Image credit: @serratedpens, via @oumaimas, 2020

In this essay written for Archive Fever , Alessandra Thom locates within context some of the newer poetry communities and forms that have coalesced around Tumblr in recent years. Arguing that this is a potentially anti-capitalist art, escaping control by algorithms and web 2.0's drive to monetisation, Thom makes the case for the potential of poetry in 'slow' social media platforms — sites that remain an anachronistic holdout from an earlier internet.


If you were online in the early 2010’s it is highly probable that you carefully transcribed your angsty notes app poetry into your Tumblr blog with a gif of Effy from Skins attached and sent it off into the ether to garner three likes and a text from your best friend asking you if you were alright. Today, Tumblr is a relic — the ghost of internet past — but poetry has managed to evolve on the site, as small communities do still thrive there. One such community collates related fragments of art and text in a web. These fragments are posted together with the general purpose of putting the pieces in conversation with each other or in order to speak to a theme, very often metaphysical in nature. These posts are circulated under the tag web weaving and other users often add their own interpretations of the theme or add their own pieces of art which they believe adds something of value to the post.


Web weaving relies heavily on visual art and ekphrastic connections to create the webs. This is particularly relevant to note when we compare it to poetry posts on, for example, Instagram and Tik Tok, two sites which demand focus on visuals that have now become havens for capitalist ventures. It is interesting that a form which relies upon visuals has managed to stay so anti-capitalist in nature. Here, I shall investigate the potential of the form as a new mode of anti-capitalist poetry creation, arguing that this is down to the anti-capitalist potential and the centring of connections both of the web weaving form itself, and of Tumblr. It speaks to the possibilities available to us within slow social media sites like Tumblr for art creation and community building. The term slow social media may seem oxymoronic, but sites such as Tumblr, Pinterest, and the web forums of the not-so-distant past, communities have and continue to thrive by creating content which does not conform to an algorithm. There is no company or influencer trying to get you to consume as much content as physically possible. Slow social media is not created to be consumed on a mass scale and in a throwaway manner in order to increase views, clicks, likes and most importantly revenue for the platform and the content creator. Web weaving is a direct reaction against influencer culture.

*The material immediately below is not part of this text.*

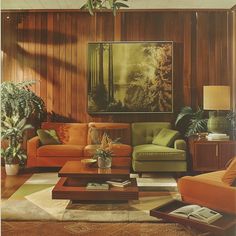 a living room filled with lots of furniture and plants on top of a wooden floor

Image credit: @iloveprideandprejudice2005, via @oumaimas, 2018

This piece argues that web weaving at its best functions as community art. However, there is missed potential within the way the form has developed. Oumaima, widely recognised in the community as the creator of the form, argues that web weaving has changed significantly and has become “at best an annoying echo chamber: the same decontextualized quotes and well-liked paintings over and over and each time you get further away from having it “mean” anything” (2022) .The form has changed in order to appeal to a wider audience and can often be contrived, featuring the same Van Gogh painting, the same Mary Oliver poem over and over again. She argues that this is because of the vastness of Tumblr; that the more people who you are trying to get to relate to the post, the more watered down the concept becomes. In its initial form, web weaving was anti-capitalist in that it rejected the pace of consumption that modern social media demands. The possibility for endless iteration and transformability ‘devalues’ the form — you cannot sell something which is constantly changing. It has however, now begun to participate in the endless reproduction and ‘value-added’ logic of capitalism. Yet this is the same within any form: bad art exists, commercial ‘art’ exists, and to use this as an argument against the form itself is narrow-minded.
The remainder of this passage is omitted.